### Your goal
For this exercise, retype the lines from the one that holds "Vintage Crimson Floral Botanical iPhone Case" through the one that holds "Polka Dot Print" in the records below, both included, exactly and without pictures.

### Data to process
*** Begin section ***

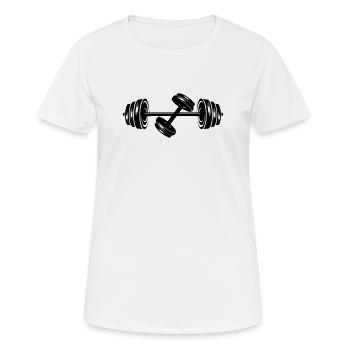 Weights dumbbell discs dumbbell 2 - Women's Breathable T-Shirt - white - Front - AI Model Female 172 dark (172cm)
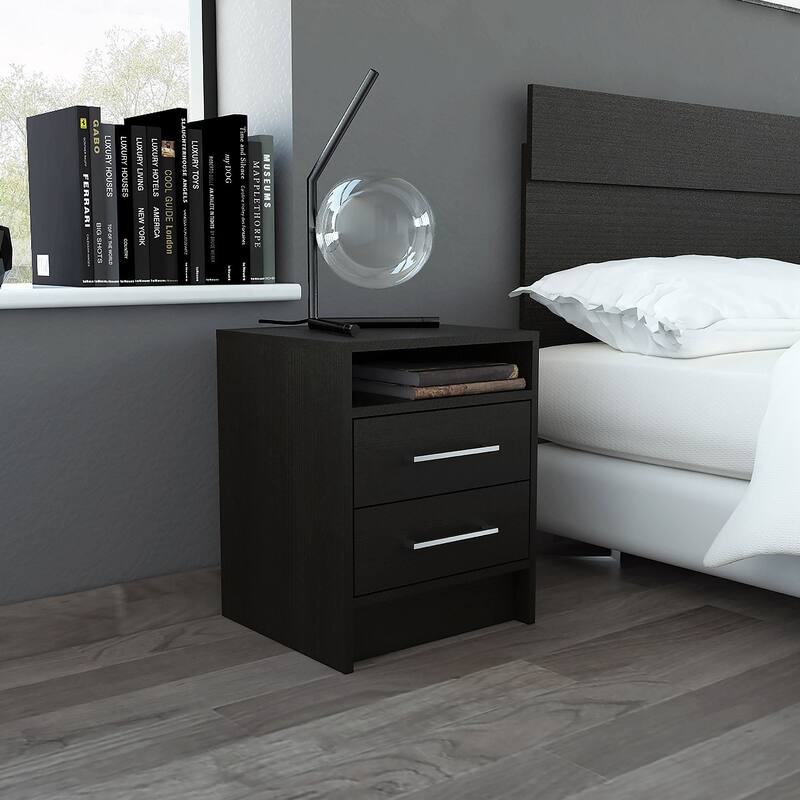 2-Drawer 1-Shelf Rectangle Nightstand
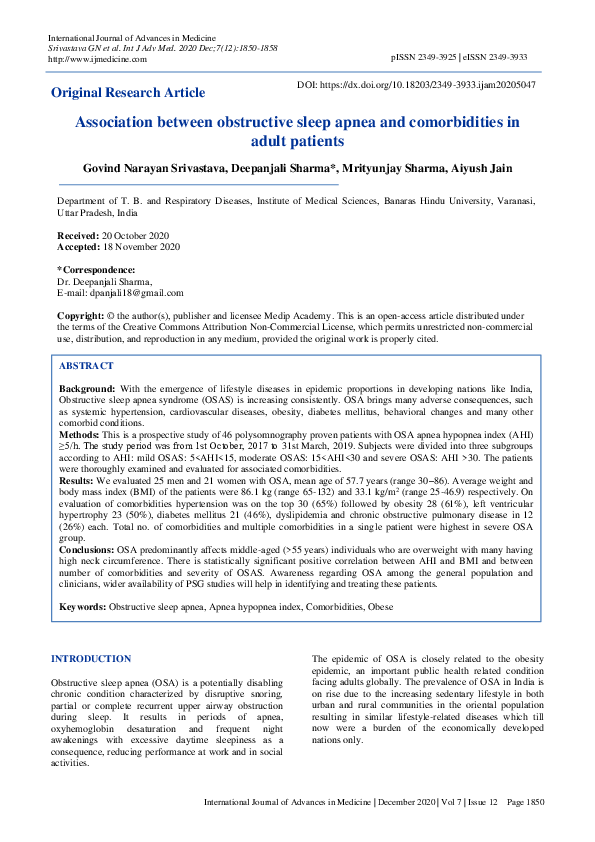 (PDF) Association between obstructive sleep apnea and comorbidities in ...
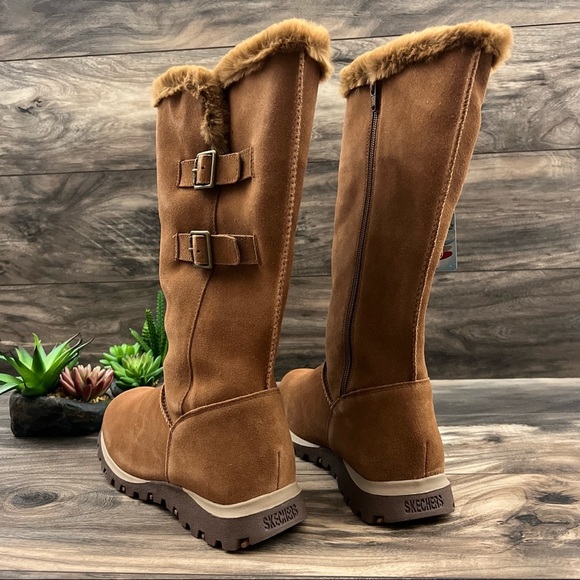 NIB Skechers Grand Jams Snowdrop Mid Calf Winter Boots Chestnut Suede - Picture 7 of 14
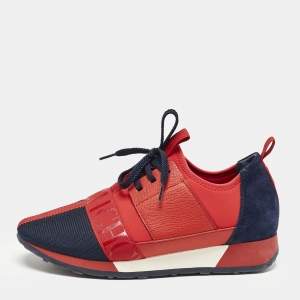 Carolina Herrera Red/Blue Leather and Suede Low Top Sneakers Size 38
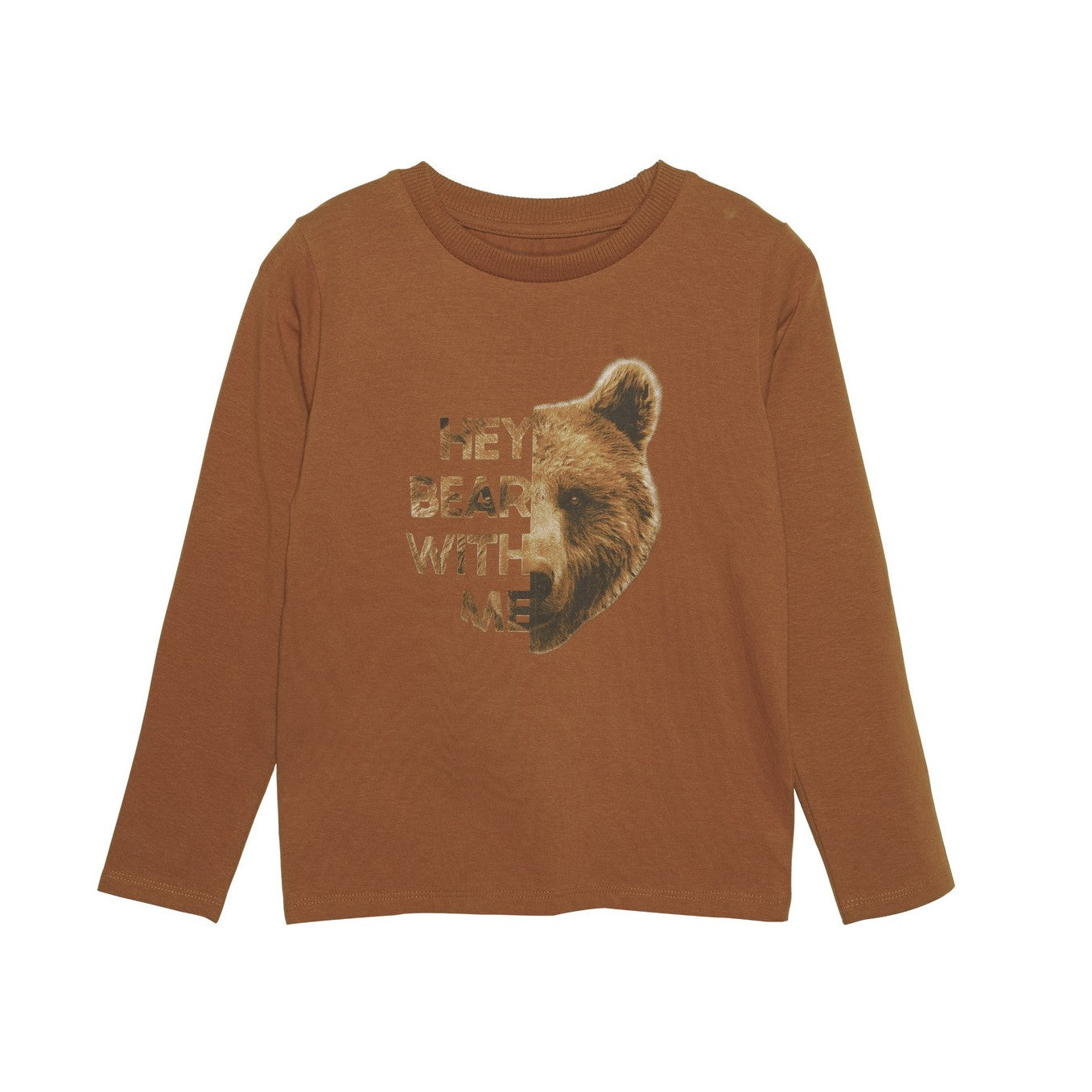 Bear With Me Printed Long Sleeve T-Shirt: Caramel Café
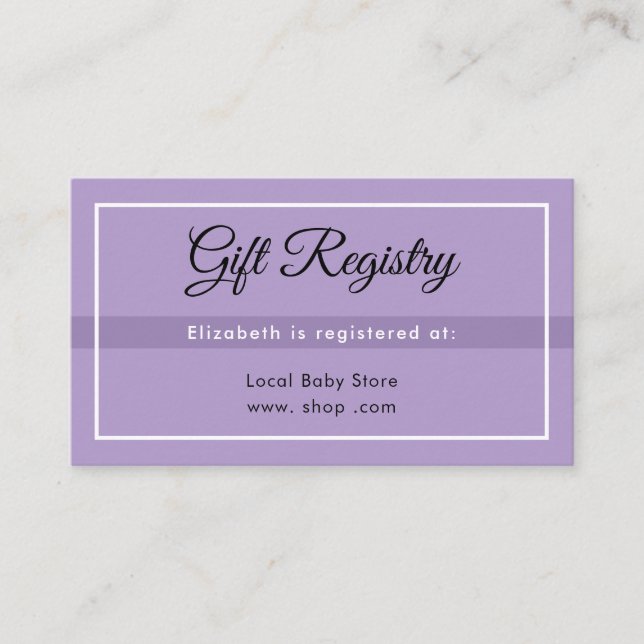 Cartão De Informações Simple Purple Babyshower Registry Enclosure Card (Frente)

*** End section ***
*** Begin section ***

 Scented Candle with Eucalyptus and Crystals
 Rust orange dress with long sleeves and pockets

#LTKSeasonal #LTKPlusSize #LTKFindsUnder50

*** End section ***
*** Begin section ***

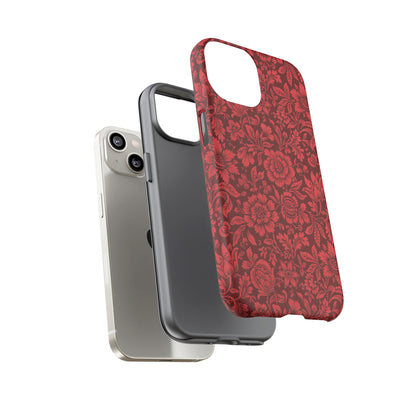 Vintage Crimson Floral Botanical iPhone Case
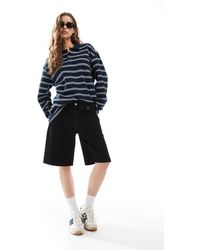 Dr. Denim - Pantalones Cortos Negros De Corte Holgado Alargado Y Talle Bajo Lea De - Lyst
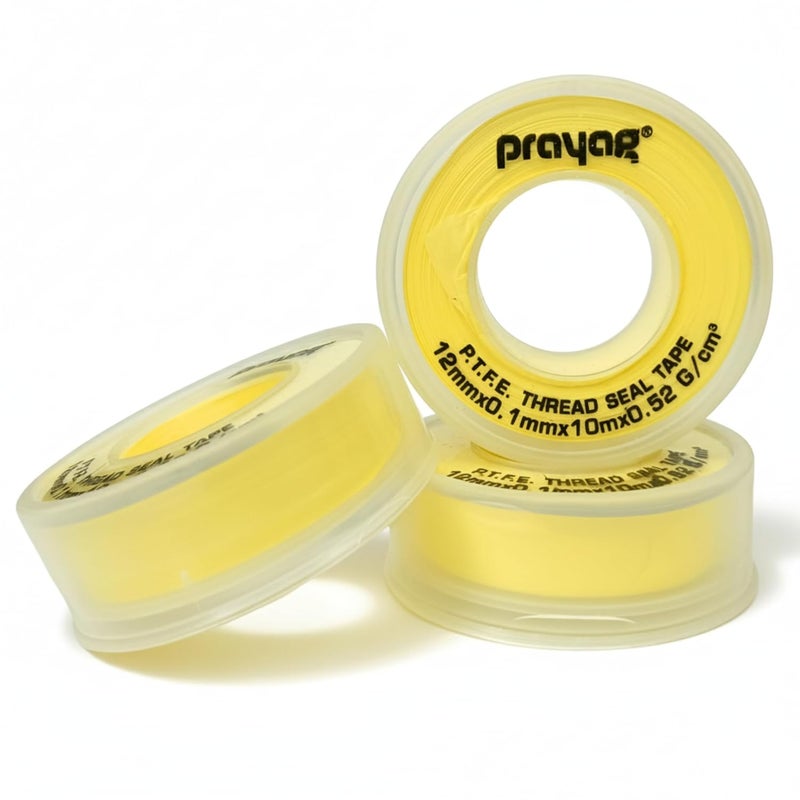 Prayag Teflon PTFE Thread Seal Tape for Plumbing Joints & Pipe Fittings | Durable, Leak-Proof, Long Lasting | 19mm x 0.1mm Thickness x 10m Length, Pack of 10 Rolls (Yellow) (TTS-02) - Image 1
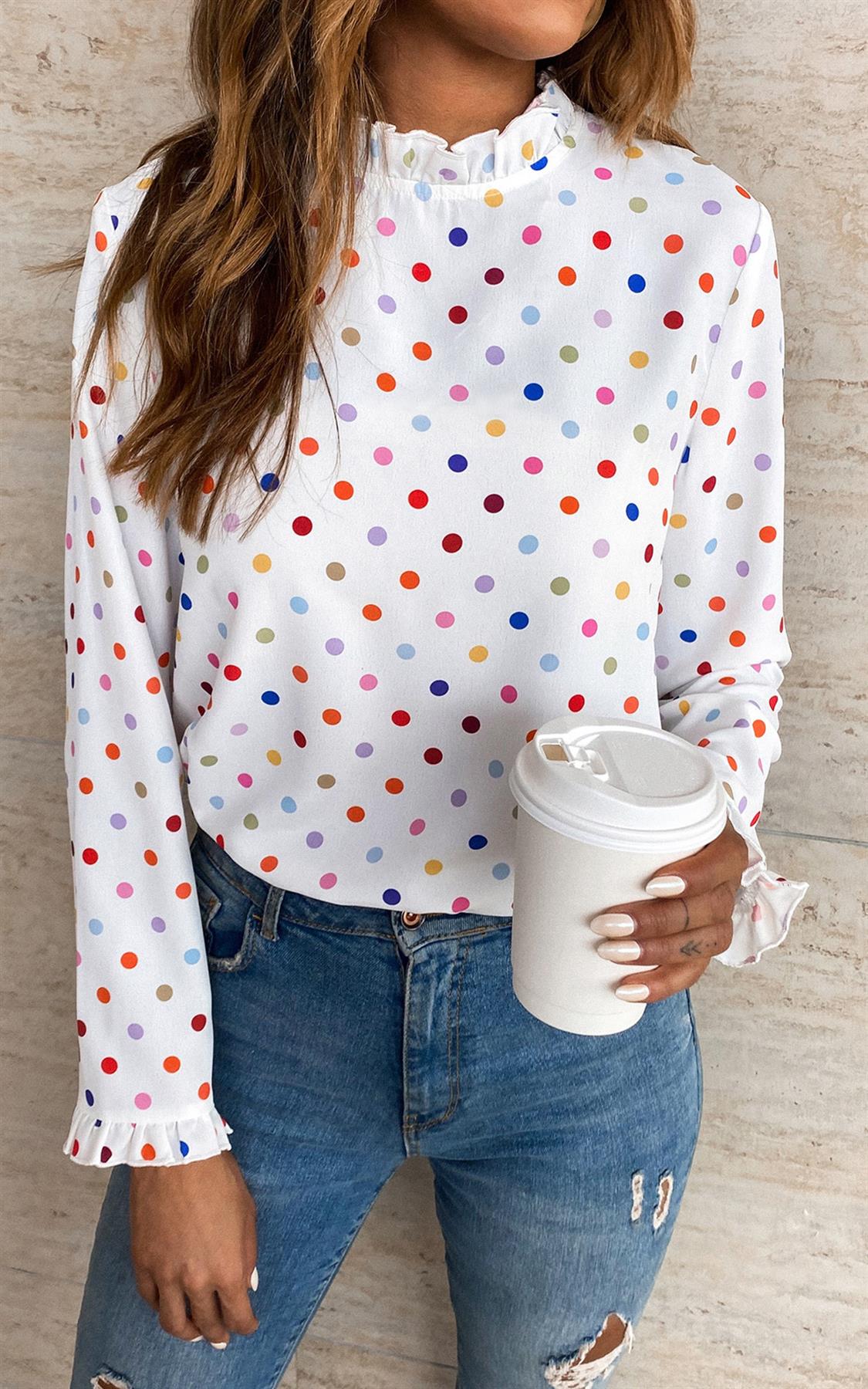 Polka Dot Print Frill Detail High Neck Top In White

*** End section ***

### Task solution
 Vintage Crimson Floral Botanical iPhone Case
 Dr. Denim - Pantalones Cortos Negros De Corte Holgado Alargado Y Talle Bajo Lea De - Lyst
 Prayag Teflon PTFE Thread Seal Tape for Plumbing Joints & Pipe Fittings | Durable, Leak-Proof, Long Lasting | 19mm x 0.1mm Thickness x 10m Length, Pack of 10 Rolls (Yellow) (TTS-02) - Image 1
 Polka Dot Print Frill Detail High Neck Top In White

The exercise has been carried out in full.